Dar Es Salaam - History

History

In the 19th century Mzizima (Swahili for "healthy town") was a coastal fishing village on the periphery of Indian Ocean trade routes. In 1865 or 1866 Sultan Majid bin Said of Zanzibar began building a new city very close to Mzizima and named it Dar es Salaam. The name is commonly translated as "harbor/haven of peace" or "abode/home of peace", based on the Persian/Arabic bandar ("harbor") or the Arabic dar ("house"), and the Arabic es salaam ("of peace") (cf. "Dar as-Salam"). Dar es Salaam fell into decline after Majid's death in 1870, but was revived in 1887, when the German East Africa Company established a station there. The town's growth was facilitated by its role as the administrative and commercial centre of German East Africa and industrial expansion resulting from the construction of the Central Railway Line in the early 1900s.
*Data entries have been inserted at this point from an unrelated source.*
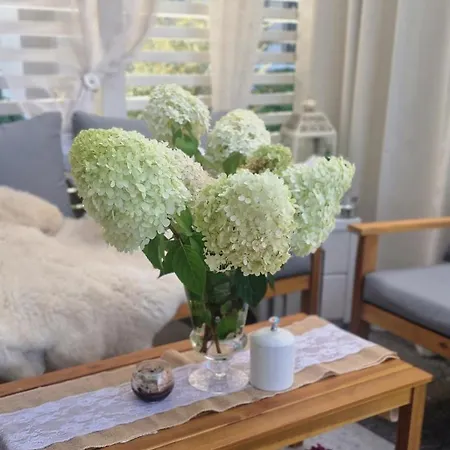 Ferienhaus Daglezja Kołczewo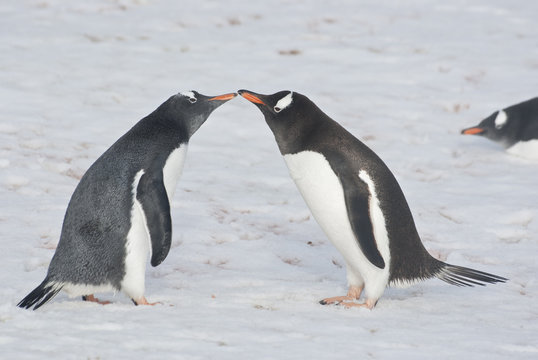 Young and adult gentoo penguins.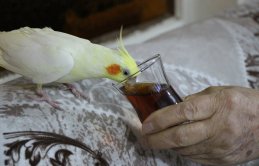 Bu papağan çay tiryakisi! - 14 Ocak 2019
German East Africa was captured by the British during World War I and from then on was referred to as Tanganyika. Dar es Salaam was retained as the territory's administrative and commercial centre. Under British indirect rule, separate European (e.g. Oyster Bay) and African (e.g. Kariakoo and Ilala) areas developed at a distance from the city centre. The town's population also included a large number of South Asians. After World War II, Dar es Salaam experienced a period of rapid growth.

Political developments, including the formation and growth of the Tanganyika African National Union (TANU), led to Tanganyika attaining independence from colonial rule in December 1961. Dar es Salaam continued to serve as its capital, also when in 1964 Tanganyika and Zanzibar merged to form Tanzania. However, in 1973 provisions were made to relocate the capital to Dodoma, a more centrally located city in Tanzania's interior. The relocation process has not yet been completed, and Dar es Salaam remains Tanzania's primary city.